First up, the relation between TSR and the outcome in terms of points per game (PPG) and goal difference (GD). Click on the graph if needed, for a larger version.

TSR and outcomeTSR is a very good metric. It correlates nicely with the most relevant two performance indicators PPG and GD. The R-squared values of 0.55 and 0.58 indicate that knowing a team’s TSR provides around 75% of knowledge needed for a perfect knowledge of either PPG or GD. For more, and better explanations of R-squared and R, check Phil Birnbaum. The man really knows his stuff.

In general, R-squared values are higher when leagues have a clear separation into two groups. EPL typically has values over 0.6, while Ligue 1, where the dots are one bunch, generally scores below 0.4.


ExpG and outcome

These two plots show the relation between ExpGR and outcome.

ExpGR and outcomeFrom face value alone, you can tell that ExpGR has a better correlation with outcome than TSR has. The dots are closer to the red regression line, so the R-squared value is a lot higher. For PPG, the R-squared is 0.73, while for GD it is somewhat higher at 0.79.

This is a magnificent correlation between a metric and outcome, but don’t get carried away yet. We would expect ExpGR to do better here, as it carries more detailed information to rate goal scoring chances. The formula behind it is designed to improve the relation with outcome in terms of PPG and GD. It would be a true shock if ExpG did not do a lot better than TSR here. What’s more important is the second half of this piece, looking at repeatability of the metrics.


TSR and repeatability

From here on, a different data set is used, as we’ll now compare the same metric over two consecutive seasons. Data consists of season 2012/13 and 2013/14 so far for the top-5 leagues, where obviously relegated sides from the first season did not produce a second season for comparison, as promoted sides in the second season did not have a first season to compare with. This left 84 teams with consecutive seasons.
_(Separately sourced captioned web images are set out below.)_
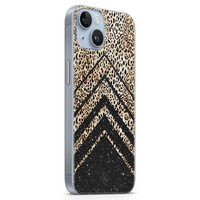 Casimoda iPhone 14 Plus siliconen hoesje - Chevron luipaard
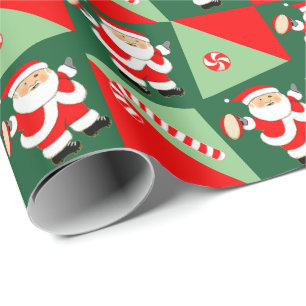 Papier Cadeau Cadeau de Noël Rugby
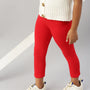 De Moza Girls 3/4th Leggings Red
TSR repeatabilityTSR is pretty repeatable, producing an R-square of 0.51. This indicates that TSR in the first season is a moderately good predictor of TSR in the second season. Most teams are roughly in the same ballpark, but deviations of 0.100 are far from rare.


ExpGR and repeatability

The next plot shows ExpGR in the first and second season.

ExpGR repeatability

ExpGR has an even better repeatability than TSR did With an R-squared of 0.67 this metric carries a good signal over multiple seasons. Stripping a few outliers, teams generally don’t deviate more than 0.050.


In the end

This scatter plot heavy piece proves a superior correlation for ExpGR with both outcome and repeatability compared to TSR. To speak with Nate Silver, ExpGR carries more signal and less noise than TSR.

The first part of this post, relating ExpGR and outcome, shows that in measuring team performance, ExpGR show prevail over TSR. This conclusion was probably known intuitively, but is now illustrated and quantified.

The second part of this post is more revolutionary, as it establishes ExpGR as a more reliable parameters to use for predictions. This means not just fancy number heavy predictive models, but also any easy made claims regarding upcoming matches or final league positions.

TSR still holds the quite relevant advantage that counting shots is a lot easier than building an ExpG model. However, with more and more variations of ExpG models around, these numbers will gradually become easier to obtain over time.



I feel like I could have put a dozen links to James Grayson’s amazing site in this TSR heavy post, but I’d rather urge you to just go to his site and check it thoroughly. It is good.